A team led by Dr. Philippe Monnier at UHN’s Krembil Brain Institute (KBI) has uncovered a promising new target that could help limit brain injury following an ischemic stroke—a type of stroke caused by a blood clot.
In a healthy brain, the blood-brain barrier acts like a filter, controlling which substances can enter or leave the brain, thereby protecting the brain from harmful substances. After a stroke, some proteins—like one called RGMa—can change the structure of blood vessel walls in the brain. These changes compromise the vessels’ integrity and make them more permeable, or “leaky”, allowing harmful substances in the blood to enter the brain where they cause damage.
The proteins responsible for these changes must first be activated by enzymes such as pro-protein convertases (PPCs). These enzymes act like a switch to turn on other proteins. While PPC inhibitors have been used in other diseases, and blocking RGMa has shown benefits in stroke models, scientists still don’t fully understand how PPCs affect stroke. Among PPCs, subtilisin kexin isozyme-1 (SKI-1) is one of the least understood, but it may play a key role in how blood vessels respond after stroke.
To study SKI-1’s role, the team used preclinical stroke models and blocked the enzyme with a drug called PF-429242. The results were promising: genes that help keep blood vessels strong became more active, while those linked to damage were turned off. Inhibition of SKI-1 also resulted in reduced cell death and smaller areas of brain tissue damage. Importantly, these changes led to better brain function in models.
Building on these findings, the team also discovered that removing a protein called Neogenin had similar protective effects as blocking SKI-1. Without Neogenin, RGMa couldn’t make the blood vessels leaky.
These findings shed light on the molecular mechanisms that contribute to brain damage after ischemic stroke, specifically the role of RGMa, Neogenin, and SKI-1 in compromising blood-brain barrier integrity. By identifying SKI-1 and Neogenin as potential therapeutic targets, this research opens the door to new treatment strategies aimed at protecting brain tissue and improving cognitive outcomes. With further validation in human studies, these discoveries could pave the way for more effective, targeted therapies that transform stroke recovery and reduce long-term disability.
Dr. Alireza Shabanzadeh is the first author of this study. He is a scientific associate in the Monnier Lab at UHN’s Krembil Brain Institute.
The senior author of this study is Dr. Philippe Monnier, a Senior Scientist at UHN’s Krembil Brain Institute and a Professor in the Department of Physiology in the Temerty Faculty of Medicine at the University of Toronto.
This work was supported by the Canadian Institutes of Health Research, the Heart and Stroke Foundation, and UHN Foundation.

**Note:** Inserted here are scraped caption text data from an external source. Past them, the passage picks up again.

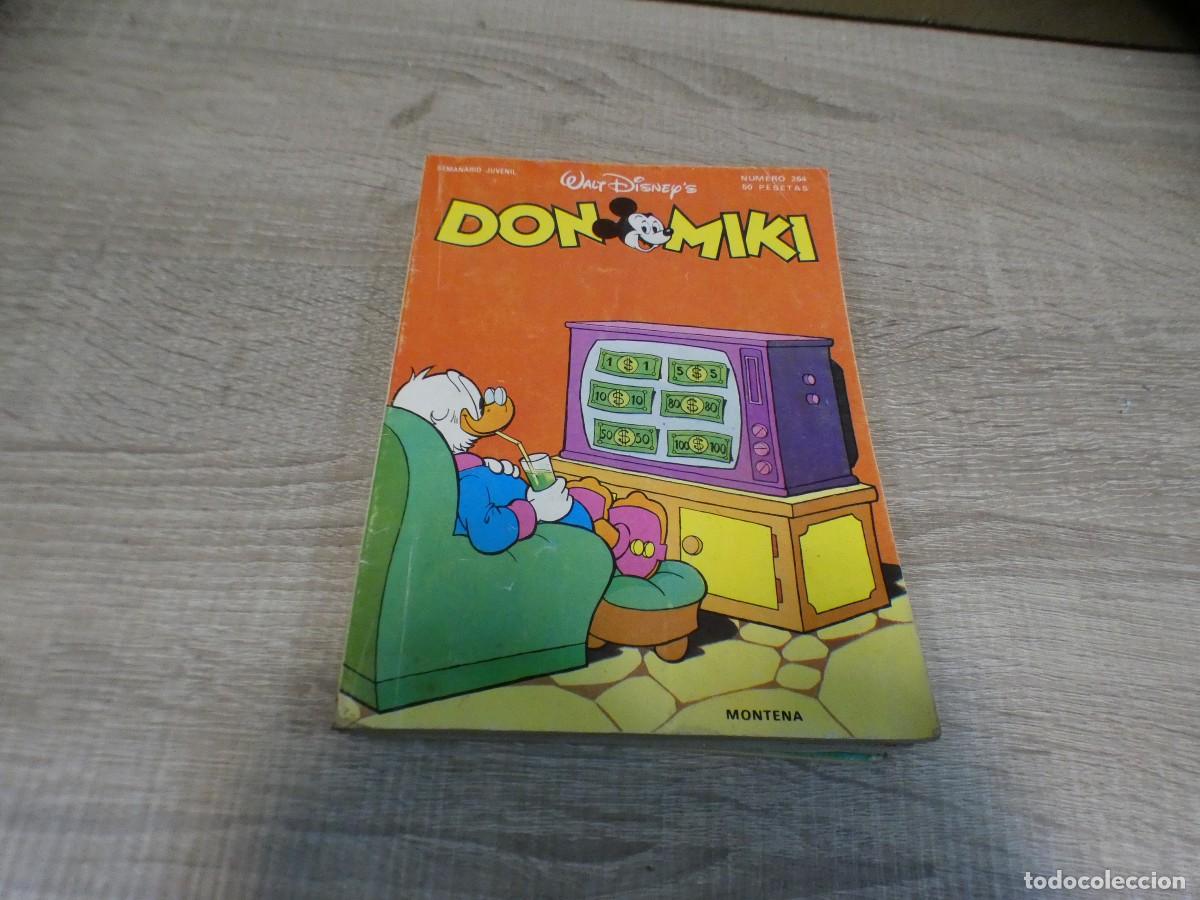 Libros de segunda mano: ARKANSAS1980 LIBRO INFANTIL ESTADO DECENTE DISNEY DON MIKI NUM 264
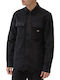 Dickies Men's Shirt Long Sleeve Black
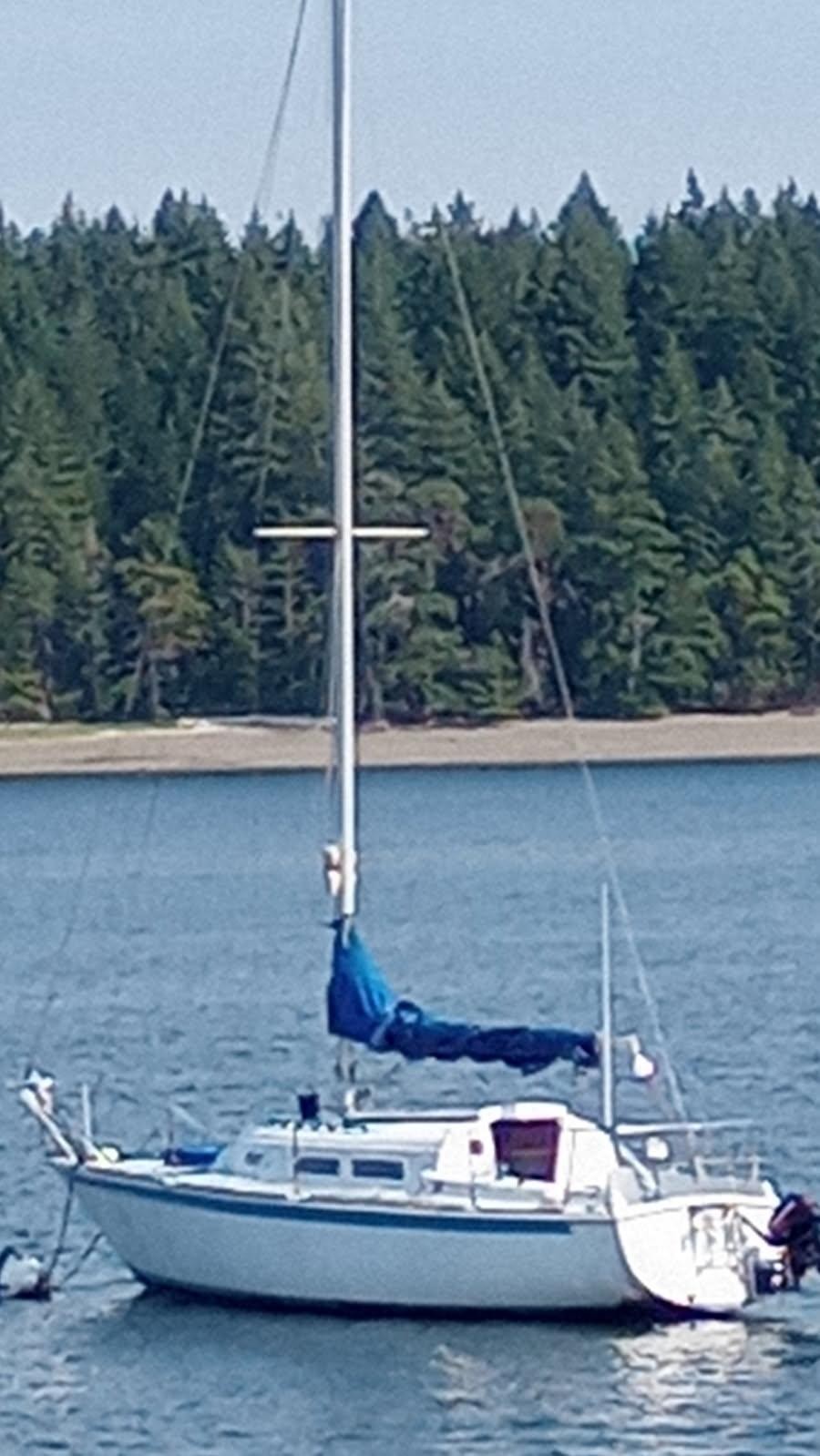 1974 ODay 27' Sailboat w/ Title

The authors declare no competing interests.
Shabanzadeh AP, Ringuette D, Syonov M, Wu Q, Tassew NG, Mun EK, Meek A, Lively S, Suntharalingham SE, Mojica M, Olijnyk L, Qiang B, Foltz WD, Reed M, Moya I, Brown C, Feng J, Qin X, Akula PS, Wälchli T, Carlen PL, Alcaide-Leon P, Monnier PP. Inhibition of proprotein convertase SKI-1 prevents blood vessel alteration after stroke. Nat Cardiovasc Res. 2025 Sep;4(9):1094-1113. Epub 2025 Aug 26.